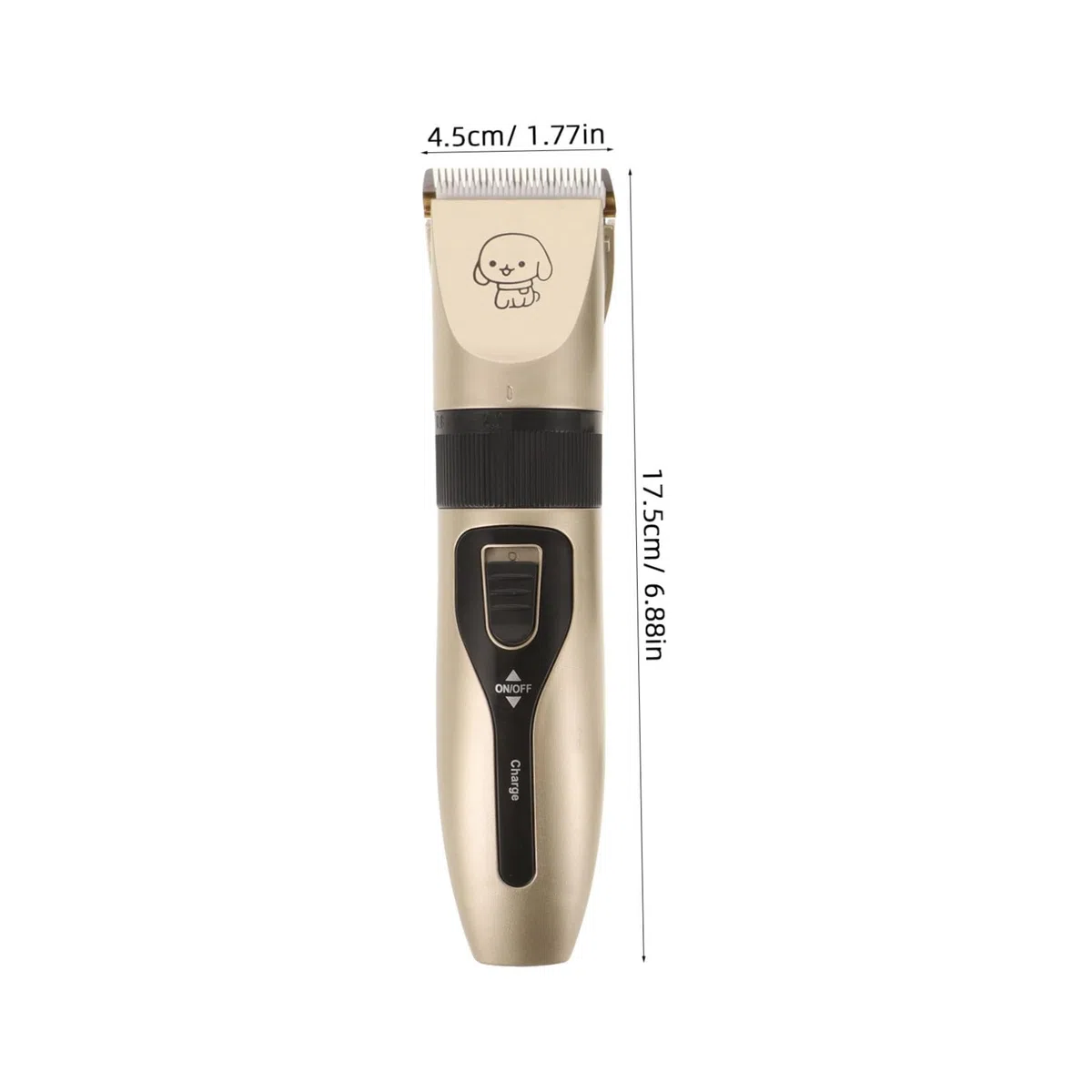 1200mah Cortapelos 4 Piezas, Carga Usb, para Perros y Gatos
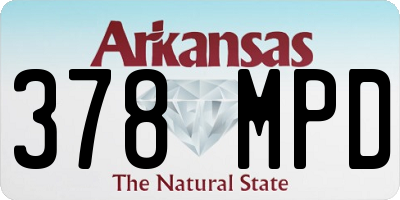 AR license plate 378MPD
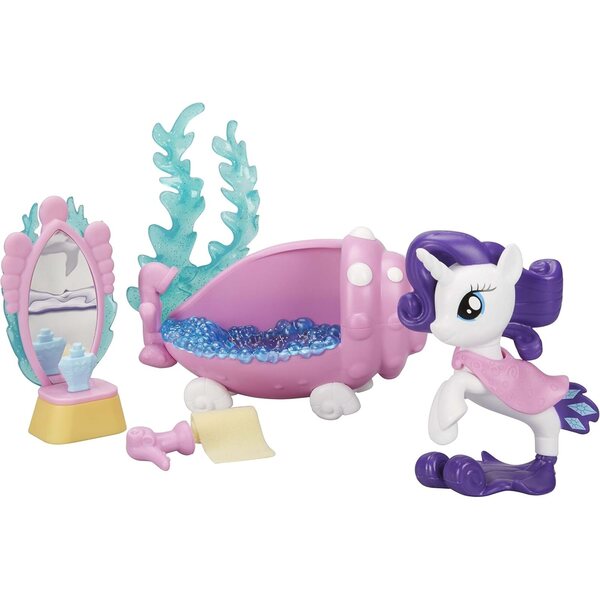 My Little Pony Spielset Rarity Undersea Spa mit PONY und Zubehör – Zauberhafter Spaß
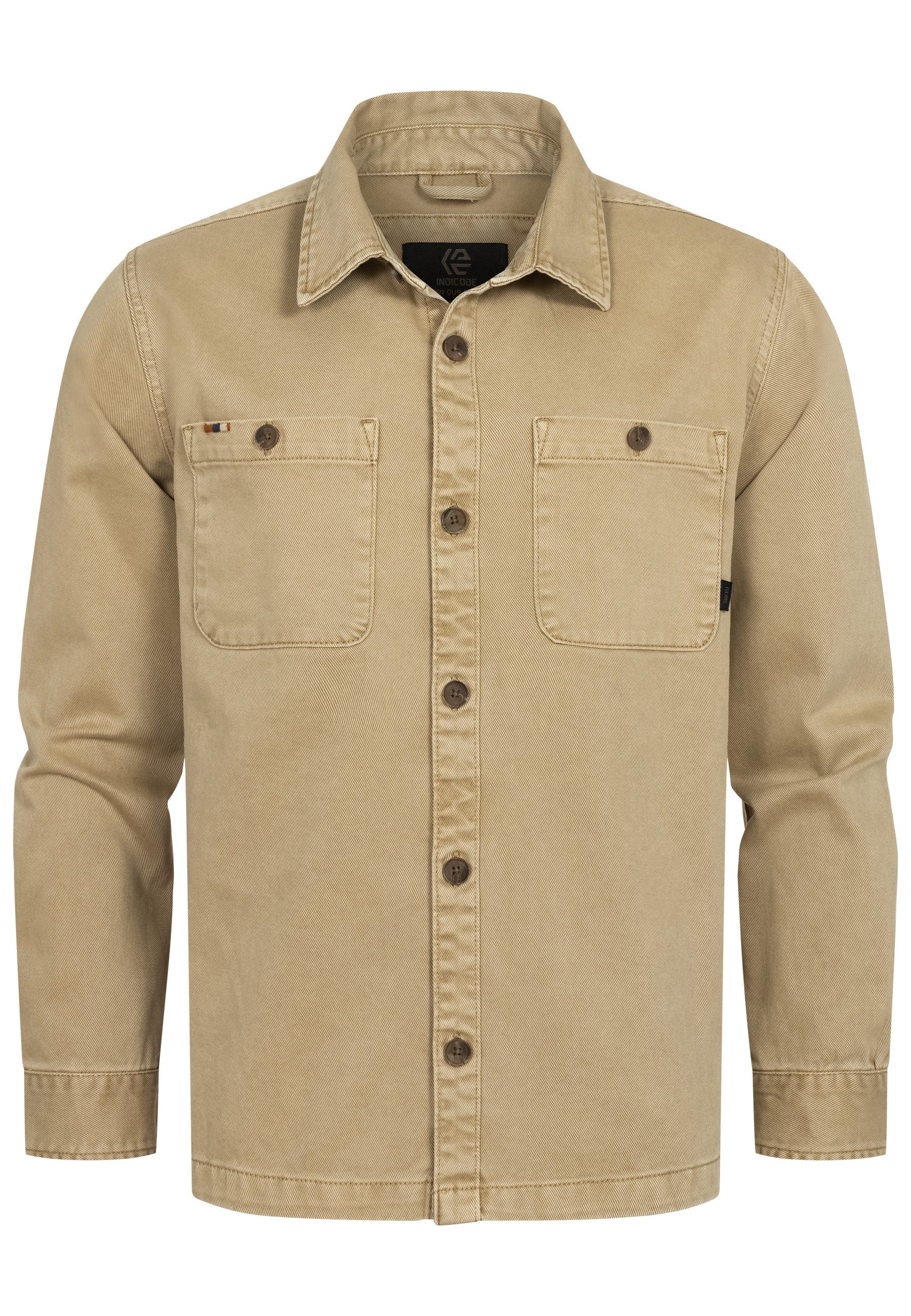 Indicode Sommerjacke INBrendan mit klassischem Hemdkragen günstig online kaufen
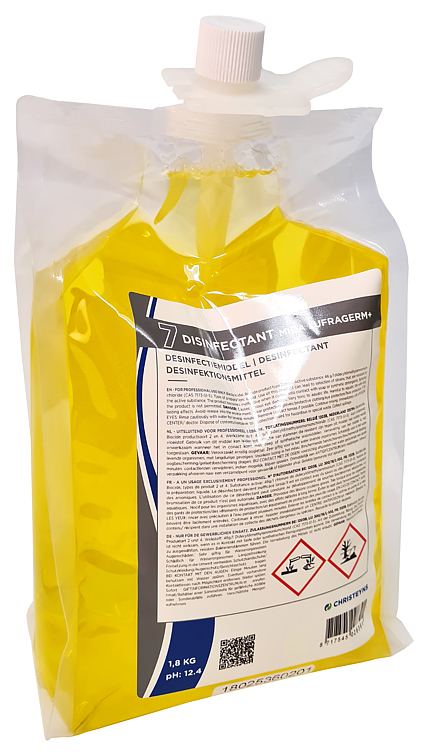 Green r superconcentrates 7 desinfectant box   3x1,8kg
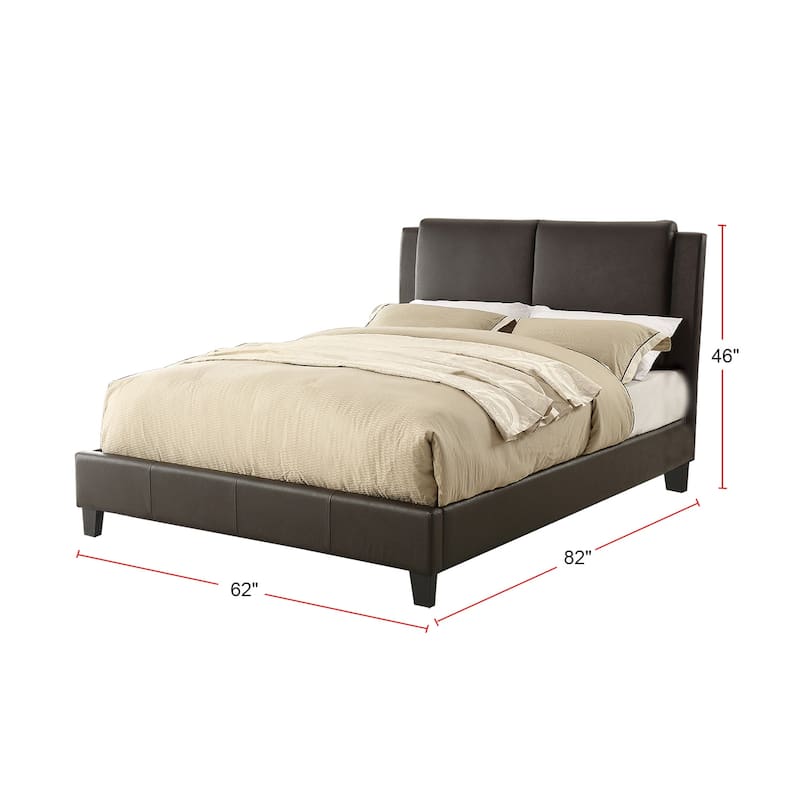 Faux Leather Upholstered Bed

::::::::

# [What the task requires]
Copying starts at the line containing "AR license plate 378MPD" and ends at the last line of the material above; repeat only those lines exactly and omit the pictures.

# [Response below]
 AR license plate 378MPD
 My Little Pony Spielset Rarity Undersea Spa mit PONY und Zubehör – Zauberhafter Spaß
 Indicode Sommerjacke INBrendan mit klassischem Hemdkragen günstig online kaufen
 Green r superconcentrates 7 desinfectant box   3x1,8kg
 Faux Leather Upholstered Bed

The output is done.